▸ **WHAT THE EXERCISE ASKS**: Give back exactly the lines of the material below that start at the line containing "3drose, Usa, Wy, Yellowstone" and end at the line containing "La última Luna Llena del Año", and no others.

[[ ENTRIES SHOWN, beginning ]]

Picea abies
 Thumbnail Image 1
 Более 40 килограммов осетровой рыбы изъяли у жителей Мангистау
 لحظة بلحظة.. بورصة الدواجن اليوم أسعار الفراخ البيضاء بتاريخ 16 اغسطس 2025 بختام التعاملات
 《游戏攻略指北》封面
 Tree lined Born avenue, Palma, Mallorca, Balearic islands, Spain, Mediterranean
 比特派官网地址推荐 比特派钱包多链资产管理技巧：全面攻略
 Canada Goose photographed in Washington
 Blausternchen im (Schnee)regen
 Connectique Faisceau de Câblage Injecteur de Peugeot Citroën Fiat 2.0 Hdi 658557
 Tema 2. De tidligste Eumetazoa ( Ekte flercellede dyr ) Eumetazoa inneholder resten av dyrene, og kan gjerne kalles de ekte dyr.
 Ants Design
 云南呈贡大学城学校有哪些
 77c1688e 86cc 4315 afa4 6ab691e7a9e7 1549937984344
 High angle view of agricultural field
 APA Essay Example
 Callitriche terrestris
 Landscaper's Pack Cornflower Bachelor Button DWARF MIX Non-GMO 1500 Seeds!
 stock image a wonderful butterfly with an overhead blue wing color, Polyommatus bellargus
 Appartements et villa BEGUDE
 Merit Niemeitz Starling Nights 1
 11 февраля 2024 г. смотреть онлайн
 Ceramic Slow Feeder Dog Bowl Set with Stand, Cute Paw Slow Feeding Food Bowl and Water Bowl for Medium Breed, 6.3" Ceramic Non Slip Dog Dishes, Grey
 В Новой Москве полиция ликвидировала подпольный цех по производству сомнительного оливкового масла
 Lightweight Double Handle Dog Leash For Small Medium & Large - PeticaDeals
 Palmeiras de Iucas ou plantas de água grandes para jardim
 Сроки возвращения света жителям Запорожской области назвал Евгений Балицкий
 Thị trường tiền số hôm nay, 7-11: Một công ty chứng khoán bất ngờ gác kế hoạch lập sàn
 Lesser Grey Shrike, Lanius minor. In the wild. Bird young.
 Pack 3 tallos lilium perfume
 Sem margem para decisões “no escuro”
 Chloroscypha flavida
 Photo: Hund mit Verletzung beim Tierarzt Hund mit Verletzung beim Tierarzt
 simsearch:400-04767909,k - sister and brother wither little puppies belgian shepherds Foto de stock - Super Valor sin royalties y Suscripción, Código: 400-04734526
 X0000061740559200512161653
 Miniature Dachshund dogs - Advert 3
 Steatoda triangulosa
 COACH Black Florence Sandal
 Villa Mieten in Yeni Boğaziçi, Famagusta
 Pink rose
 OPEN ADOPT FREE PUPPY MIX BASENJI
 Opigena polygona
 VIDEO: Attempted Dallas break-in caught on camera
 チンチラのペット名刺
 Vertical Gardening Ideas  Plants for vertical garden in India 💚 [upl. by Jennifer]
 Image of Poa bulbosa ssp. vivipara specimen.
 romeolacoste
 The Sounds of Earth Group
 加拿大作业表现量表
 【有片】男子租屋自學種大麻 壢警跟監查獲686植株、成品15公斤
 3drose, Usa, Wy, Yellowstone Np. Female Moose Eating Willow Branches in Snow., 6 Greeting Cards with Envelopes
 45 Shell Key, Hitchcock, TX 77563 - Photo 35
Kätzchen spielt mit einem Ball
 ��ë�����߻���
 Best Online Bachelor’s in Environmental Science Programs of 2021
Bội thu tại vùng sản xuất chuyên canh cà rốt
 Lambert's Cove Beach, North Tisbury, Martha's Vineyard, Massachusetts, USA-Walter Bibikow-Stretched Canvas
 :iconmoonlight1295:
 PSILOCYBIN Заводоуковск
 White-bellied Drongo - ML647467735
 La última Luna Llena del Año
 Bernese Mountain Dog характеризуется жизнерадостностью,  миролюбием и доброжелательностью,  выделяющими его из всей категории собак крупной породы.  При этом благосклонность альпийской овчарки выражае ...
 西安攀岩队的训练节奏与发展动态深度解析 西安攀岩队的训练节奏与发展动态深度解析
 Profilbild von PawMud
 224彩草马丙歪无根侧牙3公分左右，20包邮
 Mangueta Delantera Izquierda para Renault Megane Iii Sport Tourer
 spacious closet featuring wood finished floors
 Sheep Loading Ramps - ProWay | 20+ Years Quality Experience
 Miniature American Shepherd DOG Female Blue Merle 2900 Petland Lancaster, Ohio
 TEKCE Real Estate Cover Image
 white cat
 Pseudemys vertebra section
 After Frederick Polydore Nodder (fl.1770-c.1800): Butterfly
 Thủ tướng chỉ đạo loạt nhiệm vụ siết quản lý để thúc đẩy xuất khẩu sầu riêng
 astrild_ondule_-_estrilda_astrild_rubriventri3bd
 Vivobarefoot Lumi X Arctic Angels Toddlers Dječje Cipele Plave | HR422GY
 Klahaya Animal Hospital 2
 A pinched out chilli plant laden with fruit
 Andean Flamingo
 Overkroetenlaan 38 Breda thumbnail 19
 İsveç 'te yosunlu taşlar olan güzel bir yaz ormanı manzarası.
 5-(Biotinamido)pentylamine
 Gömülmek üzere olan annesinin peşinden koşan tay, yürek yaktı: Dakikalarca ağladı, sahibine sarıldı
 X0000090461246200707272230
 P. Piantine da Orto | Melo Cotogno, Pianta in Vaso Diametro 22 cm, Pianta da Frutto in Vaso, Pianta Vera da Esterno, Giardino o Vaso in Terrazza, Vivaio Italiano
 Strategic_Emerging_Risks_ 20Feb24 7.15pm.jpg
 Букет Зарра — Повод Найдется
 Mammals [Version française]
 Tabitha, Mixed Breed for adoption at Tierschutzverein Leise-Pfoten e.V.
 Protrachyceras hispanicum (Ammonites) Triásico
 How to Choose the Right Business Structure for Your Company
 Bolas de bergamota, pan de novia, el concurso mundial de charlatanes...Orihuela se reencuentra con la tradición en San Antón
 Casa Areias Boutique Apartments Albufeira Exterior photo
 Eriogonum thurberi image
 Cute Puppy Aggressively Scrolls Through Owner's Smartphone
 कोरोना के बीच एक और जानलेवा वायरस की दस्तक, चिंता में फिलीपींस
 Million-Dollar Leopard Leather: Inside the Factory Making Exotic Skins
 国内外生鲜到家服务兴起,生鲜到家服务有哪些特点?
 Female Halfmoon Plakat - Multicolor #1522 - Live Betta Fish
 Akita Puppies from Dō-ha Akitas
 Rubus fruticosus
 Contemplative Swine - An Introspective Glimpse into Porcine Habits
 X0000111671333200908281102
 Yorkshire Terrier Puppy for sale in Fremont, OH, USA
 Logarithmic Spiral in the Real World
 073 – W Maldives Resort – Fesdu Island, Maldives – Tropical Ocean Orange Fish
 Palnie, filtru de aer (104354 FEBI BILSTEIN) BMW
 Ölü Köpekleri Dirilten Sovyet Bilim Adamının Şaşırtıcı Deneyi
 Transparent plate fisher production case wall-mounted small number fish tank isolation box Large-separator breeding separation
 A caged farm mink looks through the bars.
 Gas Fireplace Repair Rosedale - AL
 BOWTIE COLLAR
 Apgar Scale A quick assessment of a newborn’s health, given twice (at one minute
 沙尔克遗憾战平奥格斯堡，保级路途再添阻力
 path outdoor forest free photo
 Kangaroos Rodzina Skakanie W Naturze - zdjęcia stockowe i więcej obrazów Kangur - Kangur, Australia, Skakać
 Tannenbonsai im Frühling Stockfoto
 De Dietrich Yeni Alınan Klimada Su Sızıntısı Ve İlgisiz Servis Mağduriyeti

[[ ENTRIES SHOWN, end ]]

▸ **EXERCISE RESPONSE**:
 3drose, Usa, Wy, Yellowstone Np. Female Moose Eating Willow Branches in Snow., 6 Greeting Cards with Envelopes
 45 Shell Key, Hitchcock, TX 77563 - Photo 35
Kätzchen spielt mit einem Ball
 ��ë�����߻���
 Best Online Bachelor’s in Environmental Science Programs of 2021
Bội thu tại vùng sản xuất chuyên canh cà rốt
 Lambert's Cove Beach, North Tisbury, Martha's Vineyard, Massachusetts, USA-Walter Bibikow-Stretched Canvas
 :iconmoonlight1295:
 PSILOCYBIN Заводоуковск
 White-bellied Drongo - ML647467735
 La última Luna Llena del Año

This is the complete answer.